Rare in New Brunswick, a Black Vulture was found associating with 16 Turkey Vultures at the Hampton Sewage Treatment Plant, Kings 19 Mar. (Richard Blacquiere). A Black Vulture, likely the same individual reported earlier, was observed at the Rotary Nature Park in Hampton, Kings, NB 13 Apr (Therese Carroll). A Black Vulture observed in flight at French Cove, Richmond, Cape Breton Island, NS 14 Apr (ph. Sheila and Billy Digout) was considered unusual for Cape Breton Island. Curiously, a Black Vulture found at East Point, Kings, PE 18 May (Donna Martin et al.) was intermittently present through the season and provided Prince Edward Island with its eighth record of the species. A Black Vulture—possibly the same individual as reported in Cape Breton earlier—was reported on Christmas Island, Cape Breton Island, NS 21 May (ph. Neila MacLellan). A Black Vulture was in the vicinity of the lighthouse on Miscou Island, Gloucester, NB 24 May (Andrew Olive, ph. Carmella Melanson). Turkey Vulture is more common on the that on the island jurisdictions within the region. In Prince Edward Island, the report of up to 9 Turkey Vultures intermittently present in the East Point area 21 Apr–23 May (Donna Martin, Scott Sinclair et al.) and a report of a kettle of 6 Turkey Vultures in the Urbainville–Cape Egmont area, Prince 23 May (Bill Hartford) was unprecedented.

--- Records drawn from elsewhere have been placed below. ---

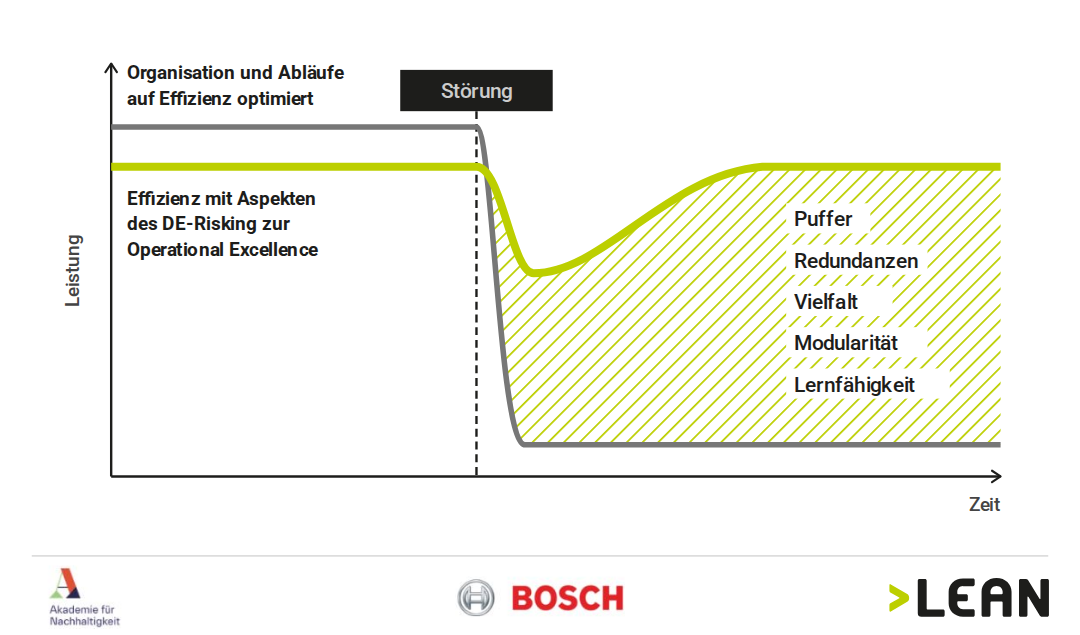 Schematische Leistungskurve bei einer Störung: Organisation und Abläufe, die nur auf Effizienz optimiert sind, brechen ein und bleiben unten. Effizienz mit Aspekten des DE-Risking zur Operational Excellence fängt die Störung auf und erholt sich. Die schraffierte Fläche dazwischen tragen Puffer, Redundanzen, Vielfalt, Modularität und Lernfähigkeit. Darunter die Logos von Akademie für Nachhaltigkeit, Bosch und LEAN MC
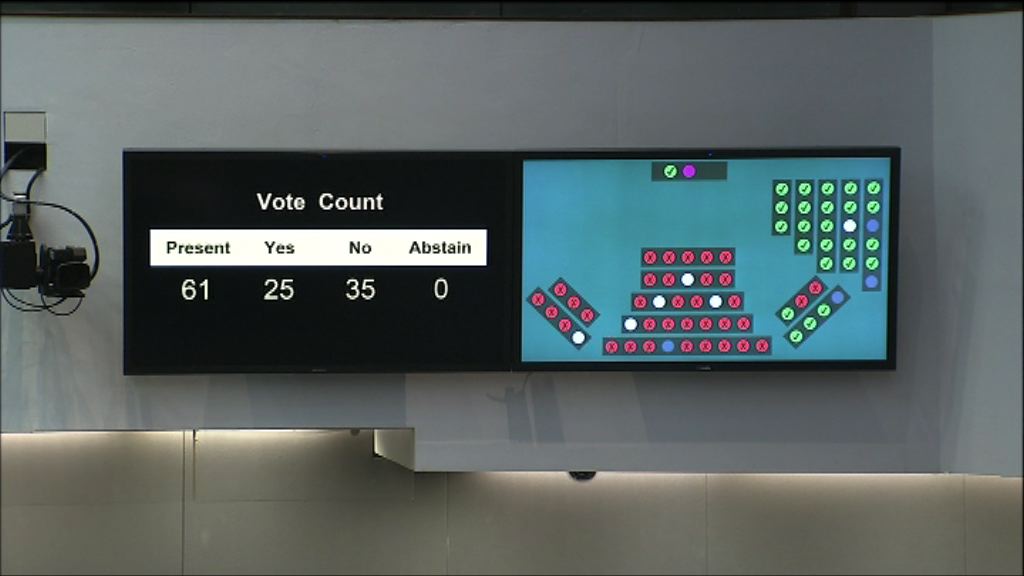 內會否決梁君彥不信任動議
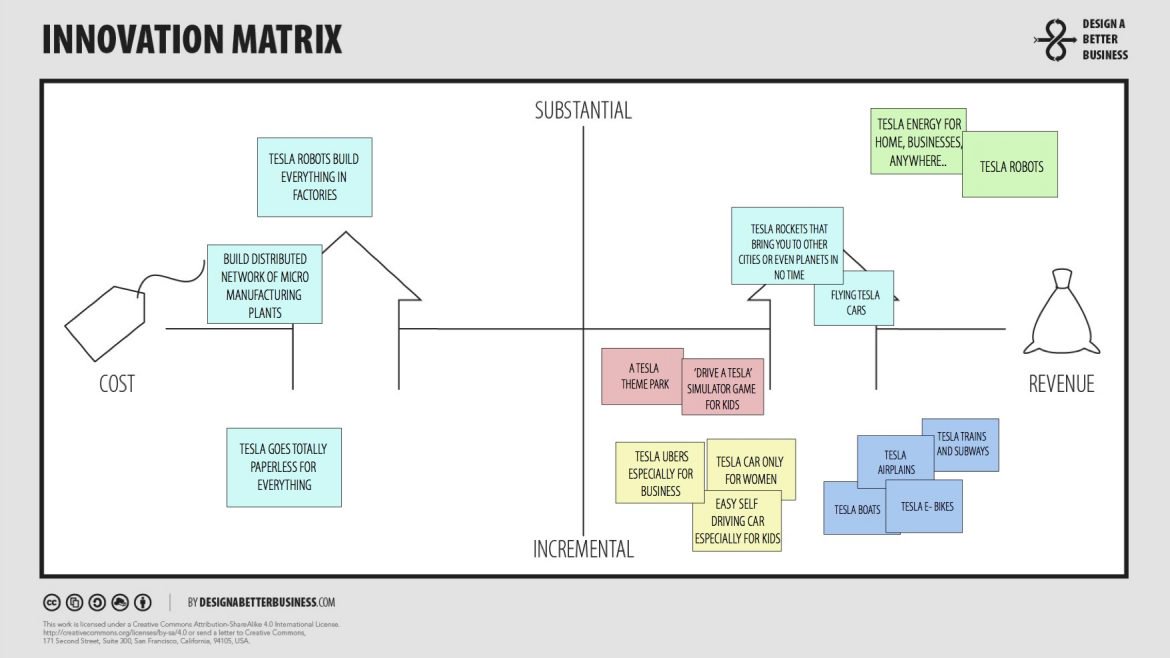 NicolasNovaira's tweet image. 🛠️ Filter Your Ideas With The #InnovationMatrix &amp;gt; bit.ly/2CGdcSY &amp;gt; @HowToDBB &amp;gt; #Toolkit #Tools #Innovation #Ideas #DesignBetterBusiness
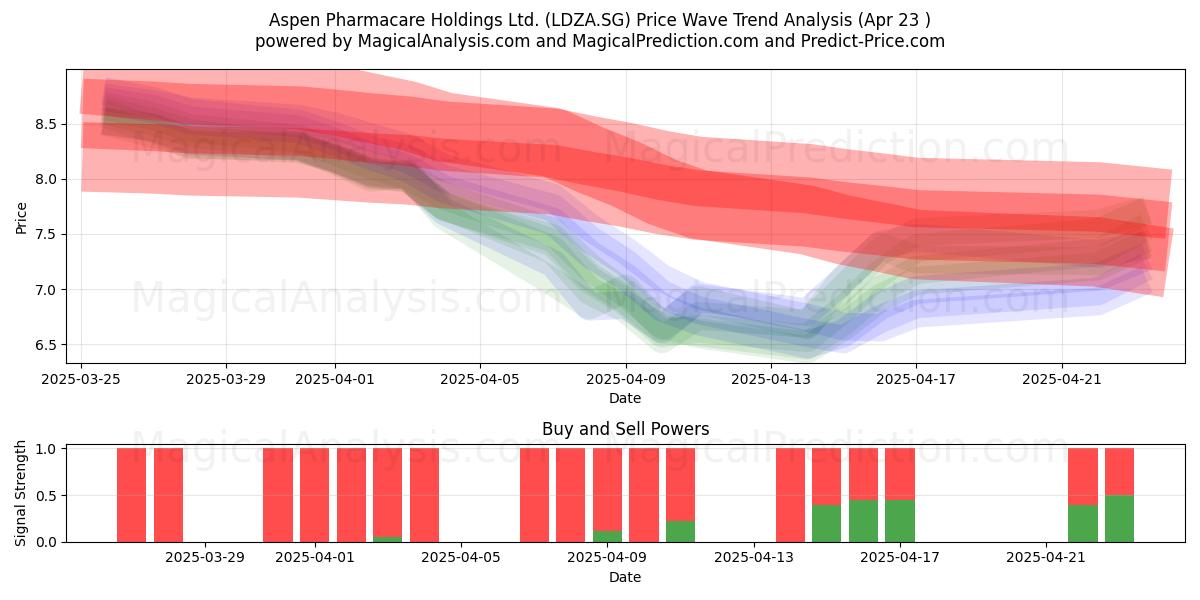  Aspen Pharmacare Holdings Ltd. (LDZA.SG) Support and Resistance area (23 Apr)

An Osprey in flight over Daniel’s Point, Trepassey Harbour, Avalon Peninsula, NL 6 Apr. (Daniel Shepherd) was exceptionally early. A Golden Eagle continued into the season at High Marsh, Westmorland, NB and was reported 2 Mar. (Jim and Therese Carroll). A juvenal Golden Eagle was at Dunvegan, Inverness, NS 11 May (Savanna Jones Selkowitz). Red-headed Woodpecker once bred in Nova Scotia but is now considered a rare vagrant, so the report of an individual in Red Bridge, Carleton for the week ending 30 May is notable (Nathan Staples). A Black-backed Woodpecker found in St. Pierre, St. Pierre Island, SPM 18 Apr. (JD) was a rare observation.

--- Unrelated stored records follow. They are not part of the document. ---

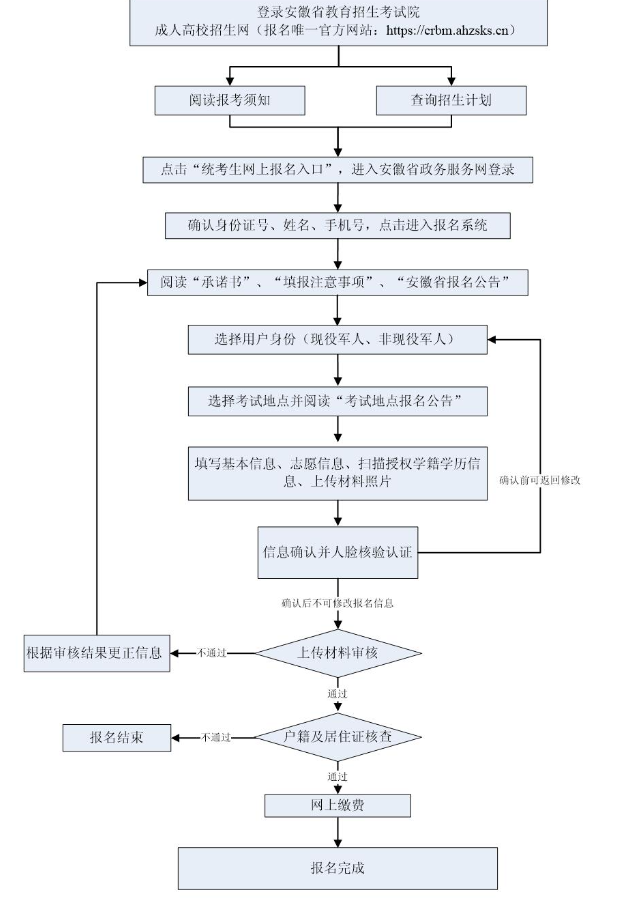 2025年安徽省成人高校招生考试报名公告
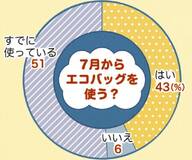 子育てリサーチエコバッグレジ袋有料機に利用増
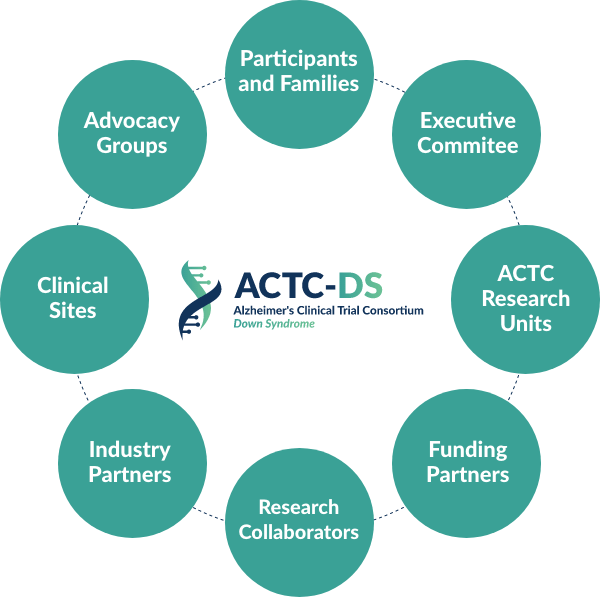 About Us - Alzheimer's Clinical Trials Consortium Down Syndrome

Great Crested Flycatcher is an uncommon transient to Nova Scotia; 4 were reported 16–30 May this season. A Fork-tailed Flycatcher was an astounding find at the Main Dock area, Happy Valley–Goose Bay, Labrador, NL 30 May (ph. Vernon Buckle et al.); it provided Labrador with its first record and was the earliest spring record for the province. Extremely uncommon in New Brunswick, a White-eyed Vireo was observed on White Head Island, Charlotte 20 May (Jim and Jean Wilson). A White-eyed Vireo found at Poweles Point, Avalon Peninsula, NL 29 May was a rare find (au. ph. BM). Uncommon to Nova Scotia, a total of 4 Warbling Vireos were reported at: Cornwallis River Greenway, Kings 15–29 May (ph. George Forsyth, ph. Harold Forsyth et al.); Coldbrook, Kings 17–18 May (ph. Richard Stern, ph. Mike Jones); The Hawk, Cape Sable Island, Shelburne 16 May (Mark Dennis); and Starr’s Point, Kings 20–24 May (ph. Phil Taylor, ph. George Forsyth).

SWALLOWS THROUGH BUNTINGS

The season’s first report of Bank Swallow was of four individuals at East Point, Kings, PE 17 May (Gary Schneider, Fiep de Bie, Scott Sinclair). Nova Scotia’s first Tree Swallow report of the season was an individual at White Point, Queens 6 Mar. (Marg Millard). New Brunswick’s was of two individuals at separate locations: one at Memramcook, Westmorland 7 Apr. (ph. Jaden Barney) and one in Sackville 7 Apr. (Karel Allard). Prince Edward Island’s were an individual at Orwell Cove, Queens 18 Apr. (Clarence Ryan), and another in St Catherine’s, Queens 18 Apr. (Megan Harris). Northern Rough-winged Swallow is an uncommon spring visitor to Nova Scotia; 5 were reported this season: an individual at Miner’s Marsh, Kings 10 May (ph. Allistair Forbes Scott, ph. John Lock); one along Saxon Street, Kings 13 May (ph. Jake Walker, ph. Richard Stern et al.), joined by a second reported 13–14 May along Saxon Street, Kings (ph. Jake Walker); another at Pont de Marais, West Pubnico, Yarmouth 14 May (ph. AE); and one was at Chebogue Point, Yarmouth 16 May (Tony and Angie Millard).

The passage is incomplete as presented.